The United States Consumer Finance Protection Bureau announced this week it would reject rules that aimed to prevent predatory practices by so-called payday and other small-dollar lenders. The regulations would have required lenders to take the basic step of making sure borrowers could repay their loans as well as limit how many loans people could take. The Bureau’s decision to scrap these rules leaves many low-income people at risk.
The Bureau finalized the loan rules in November 2017, and they were meant to take effect in August 2019. But before they could, the Bureau delayed implementation and said it would reconsider the rule.
Payday lenders have waged a campaign against the small-dollar loan rules, including attempts to influence the Trump administration to eliminate the regulations. In April the New York Times obtained a memo from an outgoing Bureau staffer alleging that Trump appointees at the Bureau manipulated data and analysis to justify removing protections.
Payday and other small-dollar lenders offer cash-strapped people small, short-term, high-interest loans. Human Rights Watch has found that many people used the loans to pay for basic necessities. Fees, penalties, and other costs associated with these loans can lead to exorbitant, sometimes triple-digit interest rates. When people have difficulty repaying their loans, they may have to take out new loans to extend repayment windows. Late payment penalties and charges for reborrowing can cause payments to balloon, forcing some to choose between paying off their loans and buying essentials. Predatory lending practices by payday and other small-dollar lenders have disproportionate impacts on Black, Latino, and impoverished communities.

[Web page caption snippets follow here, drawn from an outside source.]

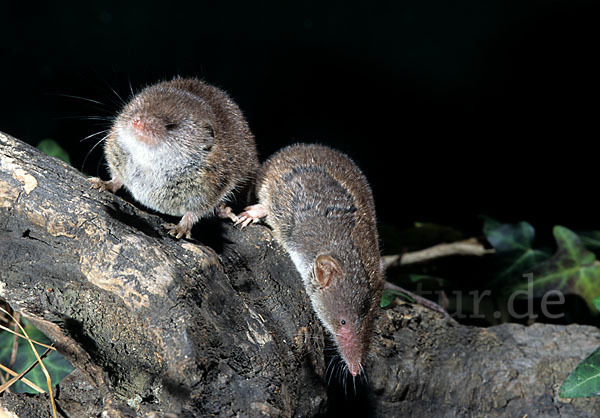 Hausspitzmaus (Crocidura russula)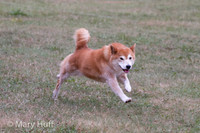 IMG_9506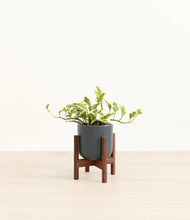 Load image into Gallery viewer, Iron Gray stand:walnut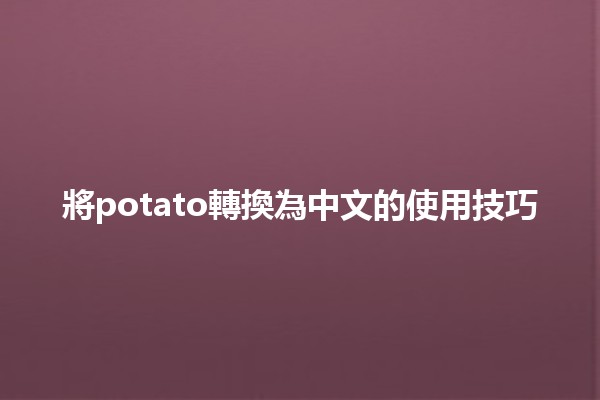 將potato轉換為中文的使用技巧🥔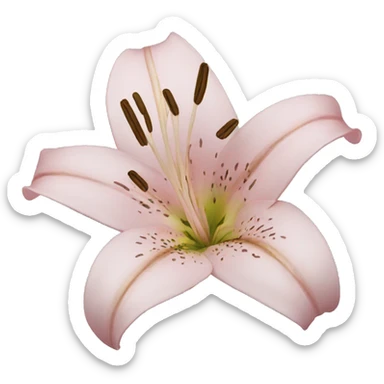 Lilies  sticker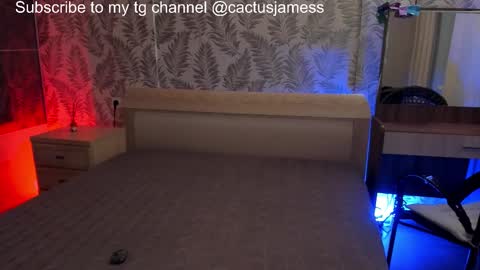 Snapshot of cactusjames_69 chatting on 27, 10, 2025 James online show from 27, 10, 2025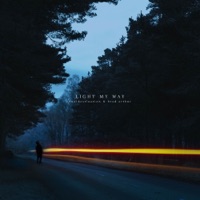 light my way (SouMix Remix) - Single - finaldest!nation & Brad Arthur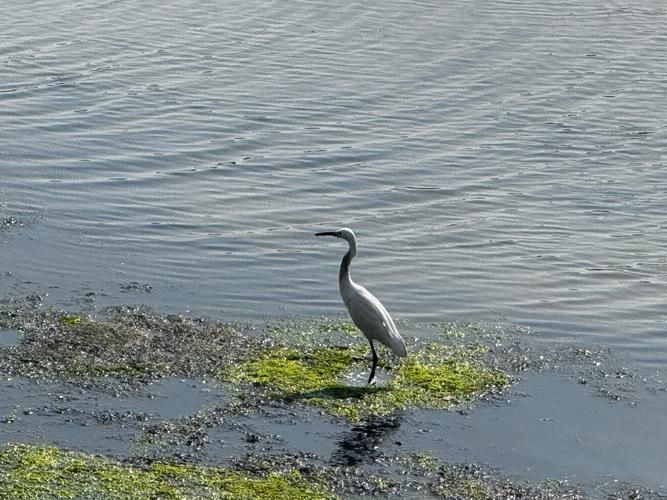 鷹手營子礦龍魚的血統如何？，“鷹手營子礦龍魚的血統主要來源于中國北方地區的血統 鷹手營子礦龍魚的血統如何？，“鷹手營子礦龍魚的血統主要來源于中國北方地區的血統 龍魚百科 第1張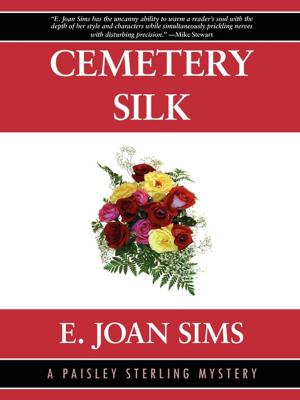 Cover of the book Cemetery Silk: A Paisley Sterling Mystery #1 by A.R. Morlan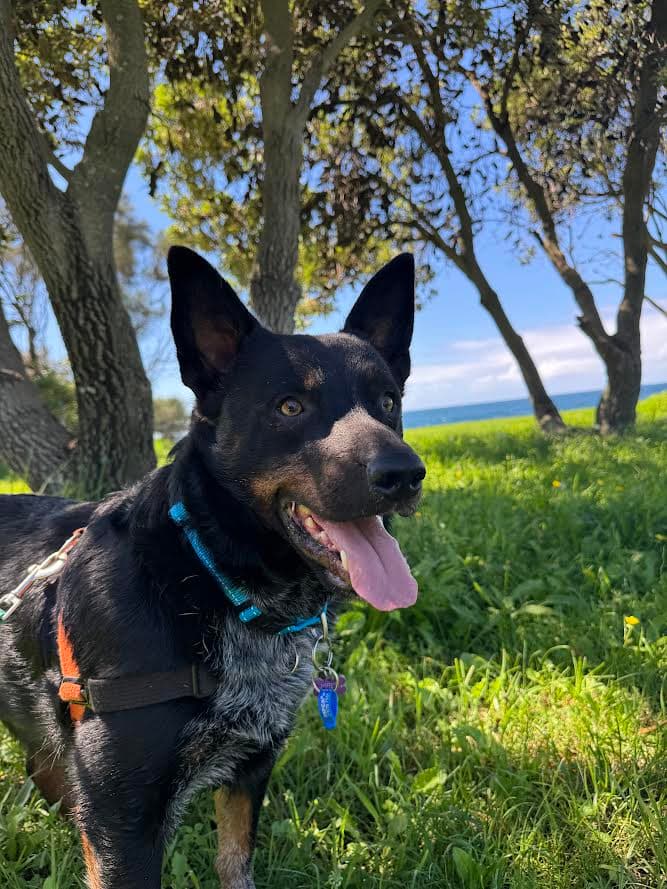 Buzz - Australian Kelpie / Australian Stumpy Tail Cattle Dog available for adoption in Wollongong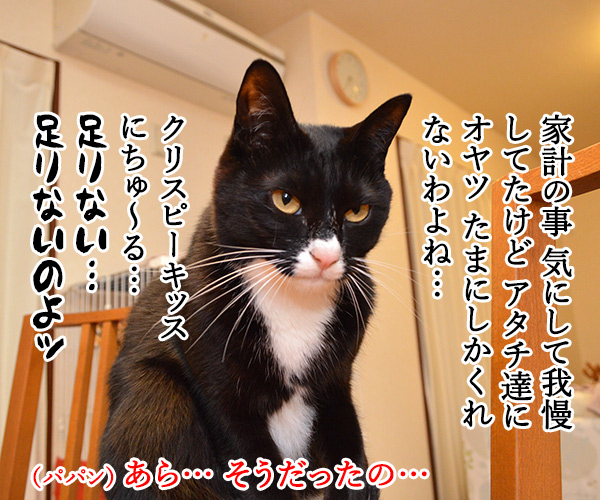 言いたいことがあるの　猫の写真で４コマ漫画　２コマ目ッ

The Consumer Finance Protection Bureau’s regulations were a critical step to help prevent people from falling into a debt trap and to deter lenders from using exploitative practices, all of which are vital to protecting human rights. The Trump administration’s decision to gut these protections at a time when so many are suffering from the Covid-19 linked financial crisis means that Congress needs to step in and pass legislation that enshrines these protections, and include a federal cap on interest rates, to stop this corrosive cycle of exploitation and debt.